Co-Authored-By: Claude Opus 4.7 (1M context) <noreply@anthropic.com>
---
 .../controllers/openbao/helm-release.yaml     | 20 +++++++++++++++++++
 1 file changed, 20 insertions(+)

diff --git a/k8s/bases/infrastructure/controllers/openbao/helm-release.yaml b/k8s/bases/infrastructure/controllers/openbao/helm-release.yaml
index b9658d150..76934e72c 100644
--- a/k8s/bases/infrastructure/controllers/openbao/helm-release.yaml
+++ b/k8s/bases/infrastructure/controllers/openbao/helm-release.yaml
@@ -27,6 +27,26 @@ spec:
     server:
       enabled: true
       replicas: ${openbao_replicas:=1}
+      # The chart's default readinessProbe is `exec: bao status`, which
+      # returns exit code 2 on a sealed server -- so the Pod stays NotReady
+      # until something unseals it. On a fresh cluster that "something" is
+      # the vault-config Job in the downstream `infrastructure` Flux layer,
+      # which can't run until this HelmRelease (in `infrastructure-controllers`)

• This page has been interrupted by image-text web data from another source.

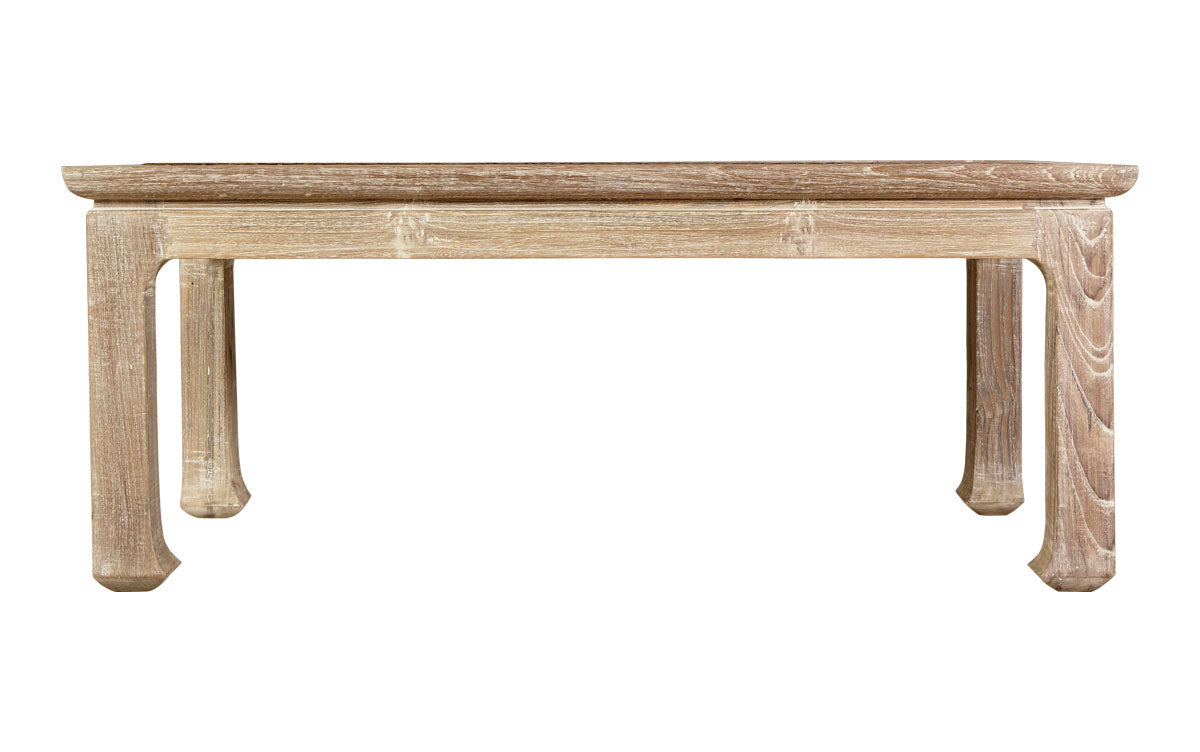 Denham Coffee Table
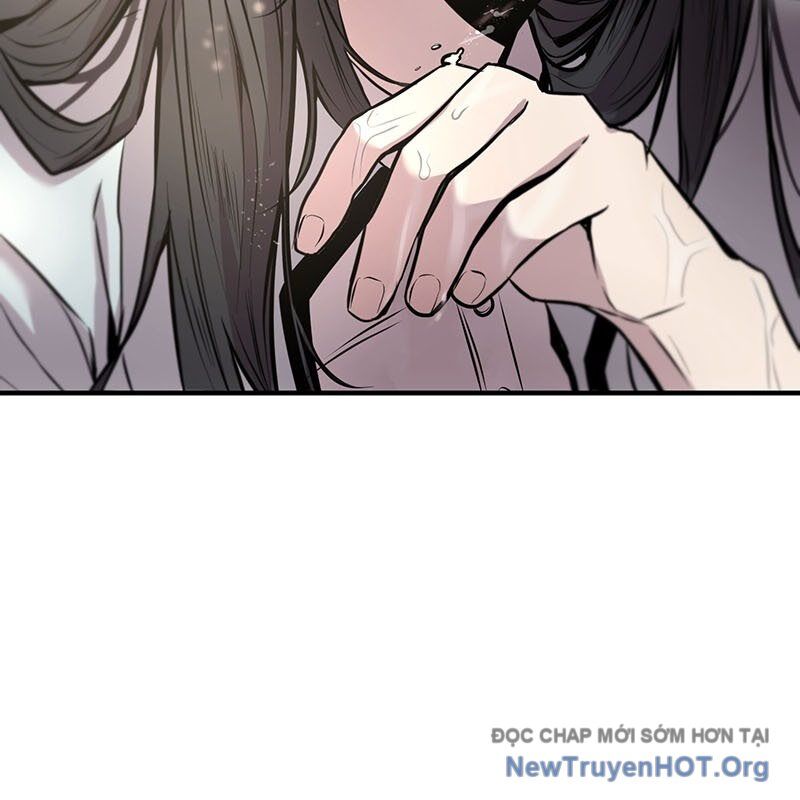 Trở Về Bên Chanbi Chap 1 - Next Chap 2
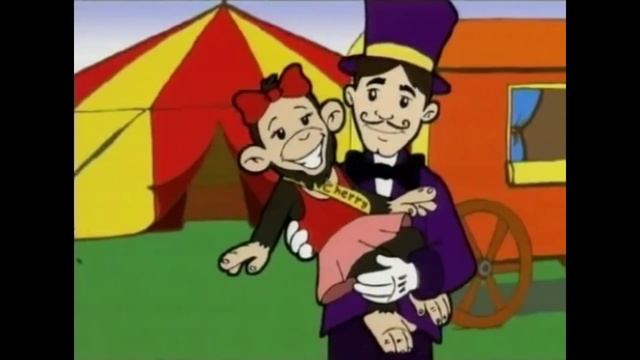 Стр 13 page 13 Student book Spotlight 2 part 2 часть 2 смотреть онлайн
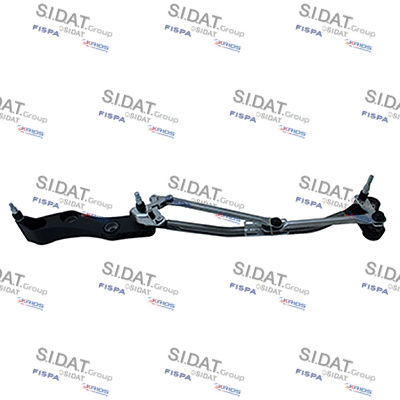 Tiranteria tergicristallo SIDAT 670900A2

+      # is Ready. The install therefore deadlocks: Helm waits up to `timeout`,
+      # `install.remediation.retries: -1` uninstalls + reinstalls, repeat --
+      # cold-cluster bootstrap historically took 20-40 min waiting for that
+      # race to resolve (see vault-config Job comment + PR #1636 system-test
+      # failure).
+      #
+      # Switching to the HTTP health probe with `sealedcode=204` and
+      # `uninitcode=204` makes a sealed-but-running server Ready immediately.
+      # The chart template renders the httpGet branch as soon as `path` is
+      # set (server-statefulset.yaml: `{{- if .Values.server.readinessProbe.path }}`)
+      # and `openbao.scheme` returns "http" when `global.tlsDisable: true`
+      # (chart default; matches the `tls_disable = 1` listener below).
+      # The HashiCorp Vault chart uses the same pattern for the same reason.
+      readinessProbe:
+        path: "/v1/sys/health?standbyok=true&sealedcode=204&uninitcode=204"
       # Mount the unseal key Secret (created by the vault-config Job on first
       # init, restored by Velero on cluster rebuild) so the postStart hook
       # can auto-unseal the server after every pod restart.